Multiverse machine.jpgThinking about the perfect Christmas present for your egocentric friends? What about a make-your-own-universe kit which will allow them to play God and create an unlimited number of new worlds. The kit goes on sale next month for $20.
The kit, created by Jonathon Keats – a conceptual artist from San Francisco – relies on the multiverse theory of the universe that arises from quantum mechanics.

If two events are possible, quantum theory assumes that both occur simultaneously – until an observer determines the outcome. For example, in Schrödinger’s famous thought experiment, in which his cat may have been killed with a 50 per cent probability, the cat is both alive and dead until someone checks. When the observation is made, the universe splits into two, one for each possible outcome. For example, Schrödinger’s cat would be alive in one universe and dead in the other universe.
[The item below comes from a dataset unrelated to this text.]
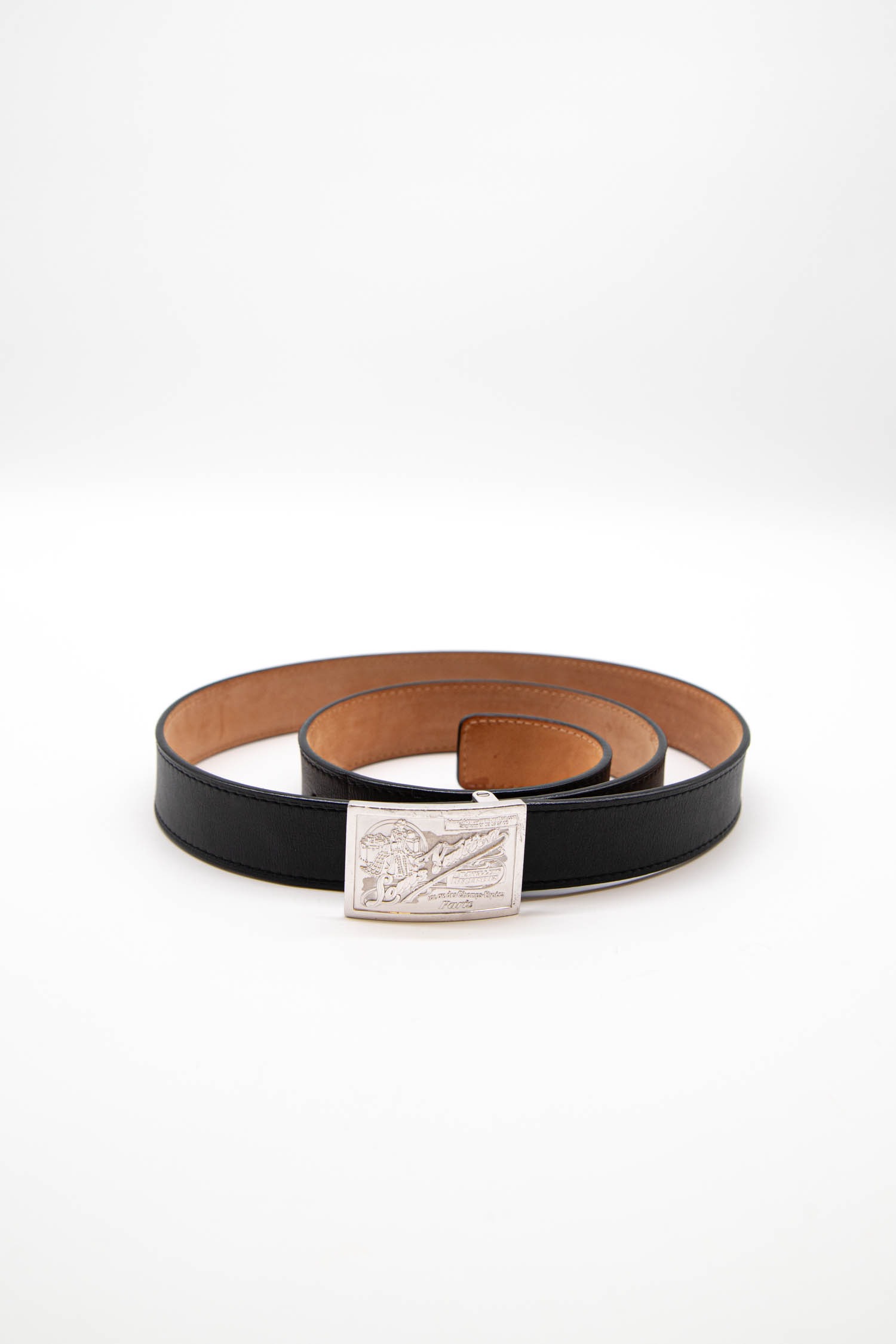 Louis Vuitton Gürtel in Schwarz und Silber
According to the theory, any kind of measurement causes the universe to split and this is the basis of Keats’ new device. His universe creator uses a piece of uranium-doped glass to create a steam of alpha particles, which are then detected using a thin sliver of scintillating crystal. Each detection causes the creation of a new universe.
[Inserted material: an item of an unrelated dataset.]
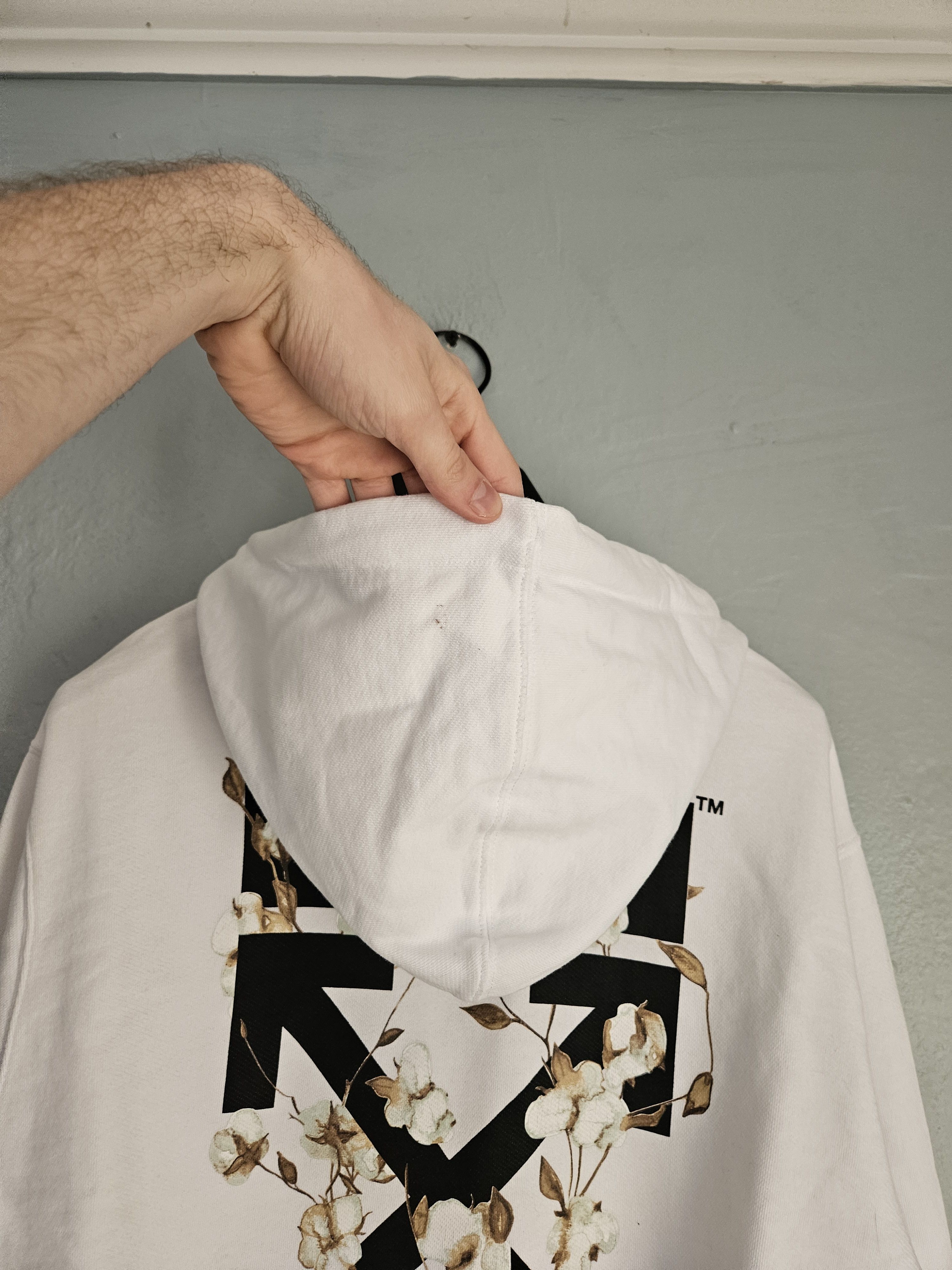 Off-White Off White Cropped White Cotton Arrows Hoodie Size S / US 4 / IT 40 - 5 Thumbnail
Given the rate at which Uranium decays, Keats’ claims this should allow users to create literally trillions of universes. The device will go on sale at the Modernism Gallery in San Francisco on 20 November.

David Robson
New Scientist intern

Categories: Physics & Maths


All comments should respect the New Scientist House Rules. If you think a particular comment breaks these rules then please let us know, quoting the comment in question.

The outer glass blocks alphas. UR DOIN

Look up spinthariscope, this is 100+ years

The scintillator will catch gammas occasionally

i’m in ur universe, pwning yur species

could you not just put a cat in a box and leave it there a while to achieve the same results?

Ah. More badly worded, misleading tripe. Shouldn’t anyone writing for New Scientist really, you know, know a bit about science?